USDC, RLUSD and other regulated stablecoins join intraday and holiday settlement as Mastercard moves toward an always-on payments model
Mastercard is expanding how issuers and acquirers can settle transactions on its global network, adding intraday, weekend and holiday settlement for fiat currencies alongside the option to settle on-chain using regulated stablecoins.
The changes give partners more control over settlement timing and liquidity management, particularly relevant for cross-border payments, treasury operations and payouts, where timing and transparency carry real cost implications.
On the stablecoin side, Mastercard will support settlement using Circle’s USDC, Paxos-issued PYUSD, USDG and USDP, Ripple’s RLUSD, and SoFi’s SoFiUSD, across blockchain networks including Arbitrum, Base, Canton, Ethereum, Polygon, Solana, Tempo and XRPL. ARQ, CBW Bank, Cross River, Lead Bank and Nuvei are expected to be among the first to support stablecoin settlement in the US and Latin America, with further expansion planned through 2026.
Crucially, the new options run through Mastercard’s existing infrastructure rather than a separate system, meaning partners retain the same security standards, fraud safeguards and dispute processes they currently rely on while gaining access to digital asset settlement alongside traditional rails.
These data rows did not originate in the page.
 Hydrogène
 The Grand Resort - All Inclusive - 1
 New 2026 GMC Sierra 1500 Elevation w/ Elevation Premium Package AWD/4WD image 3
“The next phase of stablecoin adoption is about real-world utility, especially in settlement, where timing and liquidity matter most,” said Raj Dhamodharan, Mastercard’s executive vice president for Blockchain and Digital Assets. “By introducing intraday and weekend settlement options across our global network, we’re expanding how partners manage liquidity and operate in an always-on digital economy while maintaining the trust, resilience and safeguards they expect from Mastercard.”
The move builds on earlier Mastercard pilots and live stablecoin deployments, and reflects a broader pattern among major payment networks treating regulated stablecoins as a settlement tool rather than a speculative asset class, integrated into existing rails rather than positioned as a replacement for them.
Ripple’s Jack McDonald described the inclusion of RLUSD in Mastercard’s settlement network as “a landmark validation that blockchain technology is ready for the world’s most critical payment infrastructure.” Lead Bank CEO Jackie Reses framed the shift in similar terms, calling 24/7 on-chain settlement “a foundational step toward a more efficient, always-on financial system.”
The rollout will continue globally over time, subject to regulatory approval in each market, with additional regions, partners and stablecoins expected to be added.